Şirket büyüdükçe, yıllardır bu ortamın havasını solumuş eski çalışanlar geçmişteki aile ortamının sıcaklığını anarlar. Yeni gelenlere mazideki dostlukları anlatıp hayıflanırlar. Giderek çalışanlar birbirini tanımaz olur. Topyekûn hareket eden çalışanların yerini gruplaşmalar alır. Şirket aidiyet duygusu zayıflar. Dedikodu artar. Şirket kültürünü bilmeyen yeni çalışanlar peyda olur. Şirket hafızasını kaybeder. Bunların sonucu mutsuz, yalnız, anlaşılmayan çalışanlardır.
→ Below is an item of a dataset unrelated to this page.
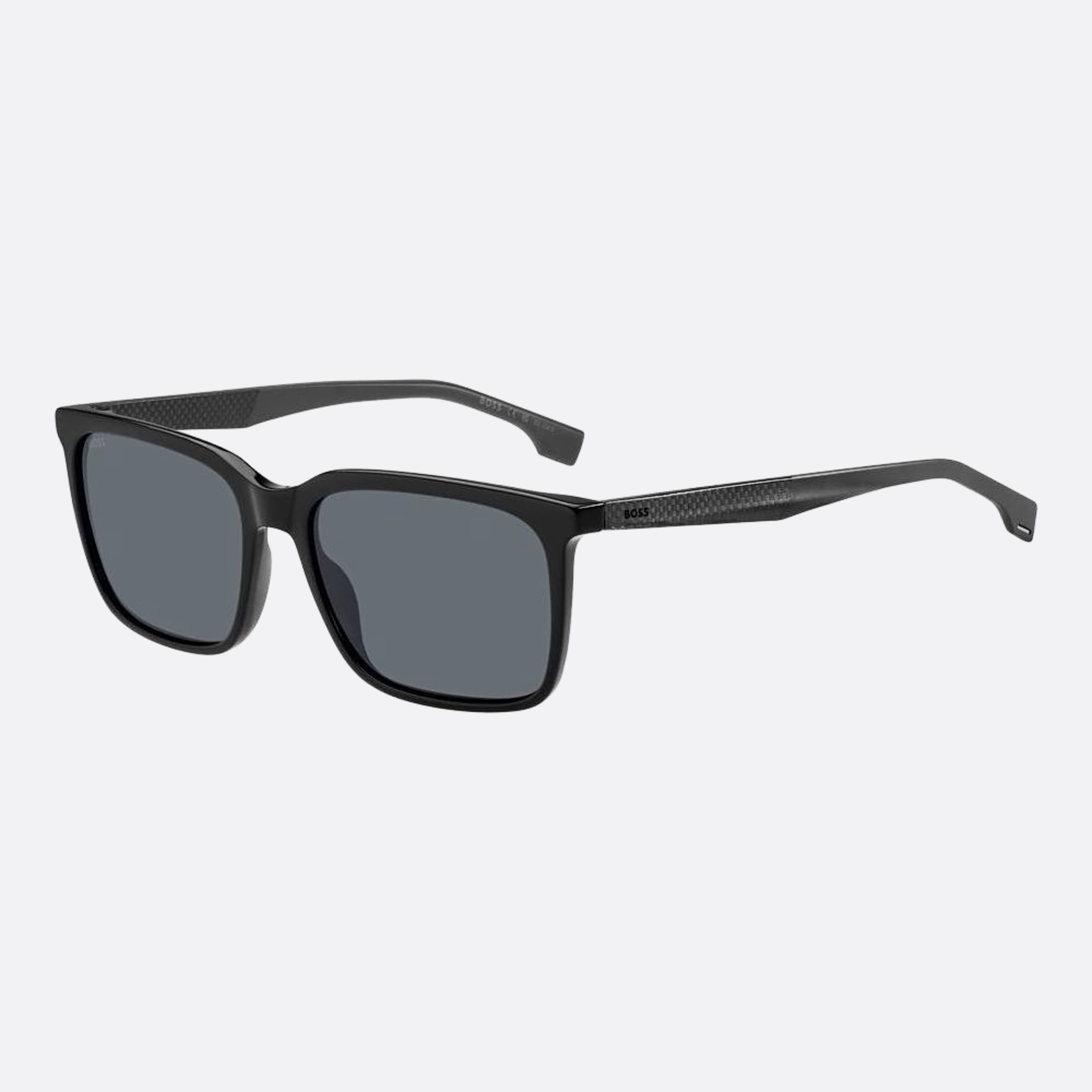 Boss 57mm Boss 08a Black Geometric Men Sunglasses - Side View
Belki sizin işletmeniz de benzer sorunlarla başa çıkmaya çalışıyor. Her kademeden yüzlerce çalışanın arasında ismini dahi bilmediğimiz kişilerin var olması çok normal. Ast üst ilişkileri daha resmi, gruplaşmalar daha fazla. Sıradan, soğuk iş ilişkilerinden öteye geçemeyen görüşmeler, birbiriyle bilgi dahi paylaşmayan uzmanlar, müşteri gözünde birbirinden kopuk birimler… Bunların yanı sıra birbirini anlamayan ya da yanlış anlayan kişilerin çatışması, haddini aşanlar, şirket içi dedikodu, asılsız söylentiler, şirketin kültürüne uymayan davranışlar, şirketlerin karşı karşıya kaldığı iletişim sorunlarından bazıları. Diğer bir konu ise saygısızlık. Kişi hak ve hürriyetine, farklı görüşlere, yapılan işe, deneyime, bilgiye, astına, üstüne, kısaca akla gelebilecek her türlü saygısızlık.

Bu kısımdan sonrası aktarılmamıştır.